_Work to be completed_
Go to the line containing "mit przebrał się" in the listing below and retype it and every later line exactly, down to the last.

_Source material_
<<<<
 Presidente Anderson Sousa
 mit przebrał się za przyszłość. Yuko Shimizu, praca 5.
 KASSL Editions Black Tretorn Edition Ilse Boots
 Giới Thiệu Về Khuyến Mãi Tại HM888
>>>>
_Answer for this exercise_
 mit przebrał się za przyszłość. Yuko Shimizu, praca 5.
 KASSL Editions Black Tretorn Edition Ilse Boots
 Giới Thiệu Về Khuyến Mãi Tại HM888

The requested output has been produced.